Chapter Four, “Emergent Listening,” examines “how witnessing adds different ways of sensing to [punctive listening], and that acknowledges the estrangement—even pain—involved in comporting otherwise.” In this chapter, Poole interviews biologists Laura J. May-Collado and Michelle Fournet, who study the communication of dolphins and whales. Poole uses these interviews to further highlight the tensions between urgency, extractive listening, and justice. As Poole argues, “meaning and communicating such meaning is not always the point with emergent, punctive listening. The point is to make kin, to be in a position to connect with the others with whom we share space, to acknowledge that the beauty of such encounters may elude our definitions.” This chapter ends with Poole reflecting on her own experiences of visiting Annie Lewandowski’s Siren exhibit and being on a boat in Costa Rica. Poole argues these experiences allow her to witness beauty as “one of life’s earliest teachers, instructing us how to pause, listen, connect, make kin.” Poole’s moments of personal reflection model the ‘witnessing’ she prioritizes in her theory; the reader, too, can operationalize “listening to beauty” in their everyday lives. 

Poole’s Chapter Five, “Swallowed by Beauty,” centers her interviews with Richard “Rick” Prum, an evolutionary biologist who examines feather morphology; Patricia “Patty” Brennan, a biologist who examines duck genitalia; and neuroethologist Ron Hoy, who studies jumping spiders. Prum’s theory of “aesthetic evolution” — his finding that mate selection is often contingent on seemingly-arbitrary aesthetic traits — becomes an important framework for this chapter because “considering female agency in evolution requires methodologies that are more subjective, more aesthetic, more anthropomorphic than traditional methods of scientific inquiry.” Poole uses Prum and Brennan’s work that centers on a “feminist, posthumanist praxis” to highlight how punctive listening must “decenter human knowledge.” Poole argues that “losing touch with beauty in science has changed our relationship with nature” and even “knowledge itself.” 

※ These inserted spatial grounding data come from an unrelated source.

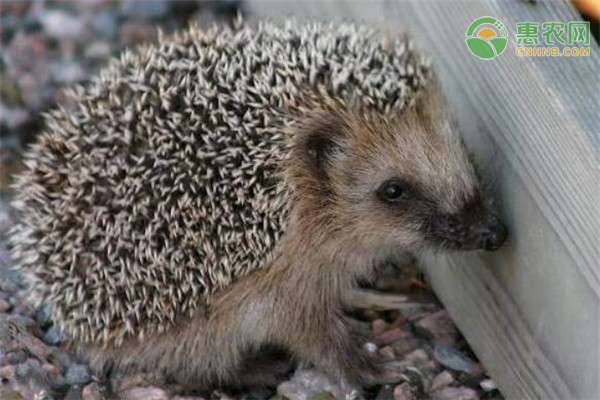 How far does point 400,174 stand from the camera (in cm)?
362

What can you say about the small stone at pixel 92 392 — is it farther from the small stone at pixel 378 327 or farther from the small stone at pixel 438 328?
the small stone at pixel 438 328

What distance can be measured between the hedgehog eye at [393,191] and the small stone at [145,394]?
1.16 m

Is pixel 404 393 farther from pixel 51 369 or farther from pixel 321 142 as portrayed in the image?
pixel 51 369

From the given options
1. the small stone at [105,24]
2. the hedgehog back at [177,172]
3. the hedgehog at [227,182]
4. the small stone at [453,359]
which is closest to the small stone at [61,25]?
the small stone at [105,24]

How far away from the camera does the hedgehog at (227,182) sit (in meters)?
3.50

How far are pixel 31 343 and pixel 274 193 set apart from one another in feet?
4.03

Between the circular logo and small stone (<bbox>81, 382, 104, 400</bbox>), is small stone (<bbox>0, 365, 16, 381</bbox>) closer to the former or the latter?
small stone (<bbox>81, 382, 104, 400</bbox>)

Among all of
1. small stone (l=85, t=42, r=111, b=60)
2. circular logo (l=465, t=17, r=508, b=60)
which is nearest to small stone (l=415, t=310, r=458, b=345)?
circular logo (l=465, t=17, r=508, b=60)

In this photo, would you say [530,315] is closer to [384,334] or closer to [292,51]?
[384,334]

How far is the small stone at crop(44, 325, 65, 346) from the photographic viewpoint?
4.10m

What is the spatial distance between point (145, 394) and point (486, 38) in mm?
1870

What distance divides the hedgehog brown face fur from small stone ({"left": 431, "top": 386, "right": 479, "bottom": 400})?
599 millimetres

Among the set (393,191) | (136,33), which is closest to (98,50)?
(136,33)

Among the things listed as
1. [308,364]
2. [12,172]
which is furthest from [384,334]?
[12,172] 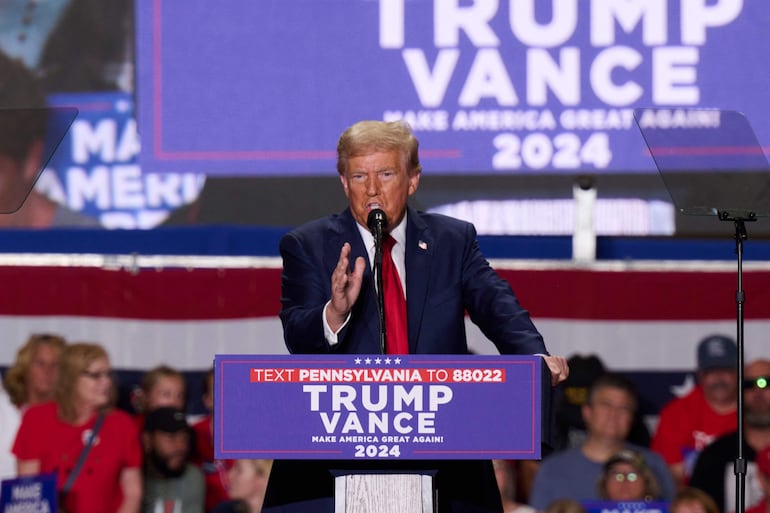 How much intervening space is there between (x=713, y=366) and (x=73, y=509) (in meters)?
2.60

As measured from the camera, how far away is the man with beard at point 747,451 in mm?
5324

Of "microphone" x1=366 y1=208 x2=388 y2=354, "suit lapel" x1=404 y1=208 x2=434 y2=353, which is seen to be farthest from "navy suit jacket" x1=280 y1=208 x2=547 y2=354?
"microphone" x1=366 y1=208 x2=388 y2=354

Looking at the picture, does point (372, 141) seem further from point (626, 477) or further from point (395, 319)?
point (626, 477)

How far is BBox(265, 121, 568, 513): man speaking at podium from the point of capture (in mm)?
2812

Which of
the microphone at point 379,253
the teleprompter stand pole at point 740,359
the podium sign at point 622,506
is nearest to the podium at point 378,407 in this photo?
the microphone at point 379,253

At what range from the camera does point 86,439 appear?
558 centimetres

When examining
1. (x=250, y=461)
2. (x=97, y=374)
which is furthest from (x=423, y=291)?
(x=97, y=374)

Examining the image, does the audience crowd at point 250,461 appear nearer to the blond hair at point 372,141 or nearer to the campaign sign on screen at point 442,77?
the campaign sign on screen at point 442,77

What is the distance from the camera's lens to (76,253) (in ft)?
18.5

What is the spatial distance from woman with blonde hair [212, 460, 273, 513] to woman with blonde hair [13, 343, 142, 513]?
38 cm

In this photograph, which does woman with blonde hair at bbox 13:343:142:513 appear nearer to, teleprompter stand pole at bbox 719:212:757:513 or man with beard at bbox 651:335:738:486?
man with beard at bbox 651:335:738:486

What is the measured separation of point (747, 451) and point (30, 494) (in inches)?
111

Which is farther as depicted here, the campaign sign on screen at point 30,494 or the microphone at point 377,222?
the campaign sign on screen at point 30,494

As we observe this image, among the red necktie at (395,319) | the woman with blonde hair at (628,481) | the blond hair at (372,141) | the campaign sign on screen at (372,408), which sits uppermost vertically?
the blond hair at (372,141) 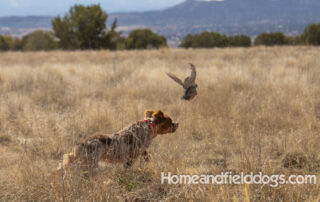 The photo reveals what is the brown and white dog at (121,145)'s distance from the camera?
2570mm

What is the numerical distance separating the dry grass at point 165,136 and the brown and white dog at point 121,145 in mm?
137

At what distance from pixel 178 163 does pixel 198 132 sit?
5.11 feet

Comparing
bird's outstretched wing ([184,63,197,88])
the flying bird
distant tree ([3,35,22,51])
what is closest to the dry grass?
the flying bird

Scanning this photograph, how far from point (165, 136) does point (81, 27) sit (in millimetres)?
28037

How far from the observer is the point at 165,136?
390 cm

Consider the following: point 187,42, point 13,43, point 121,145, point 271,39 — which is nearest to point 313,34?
point 271,39

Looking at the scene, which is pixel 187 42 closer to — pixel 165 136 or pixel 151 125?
pixel 165 136

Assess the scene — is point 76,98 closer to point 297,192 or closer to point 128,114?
point 128,114

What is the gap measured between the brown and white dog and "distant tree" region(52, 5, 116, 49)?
2827cm

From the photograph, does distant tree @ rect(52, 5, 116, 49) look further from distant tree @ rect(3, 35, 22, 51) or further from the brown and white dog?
the brown and white dog

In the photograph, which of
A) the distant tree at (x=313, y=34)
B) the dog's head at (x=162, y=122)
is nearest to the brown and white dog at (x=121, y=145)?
the dog's head at (x=162, y=122)

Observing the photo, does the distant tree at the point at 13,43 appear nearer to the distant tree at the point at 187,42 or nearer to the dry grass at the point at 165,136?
the distant tree at the point at 187,42

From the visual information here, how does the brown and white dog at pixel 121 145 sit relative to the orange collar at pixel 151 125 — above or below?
below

Poole’s conclusion offers the most intimate portrayal of her own reflections. Beauty sets a foundation for scholarly conversations about these new ways of listening, furthering “scientific programs and praxis” for “aesthetic, creative, affective work of prescientific intervention,” and examining the “interplay between listening and witnessing in scientific inquiry.” Poole ends this lyrical journey by addressing scientists, rhetoritians, and other disciplines: if we listen to beauty, we have to question what we know. To “witness beauty in natural environments and trans-species encounters is to respect how other ways of knowing and communicating are just as valuable as our own.” Whether she is uncovering hardly cited scholars such as Langer or observing the impact of Payne’s work with whale songs, Poole encourages us to listen beyond our own brains in order to examine the role of aesthetics and our senses in a variety of disciplines and walks of life.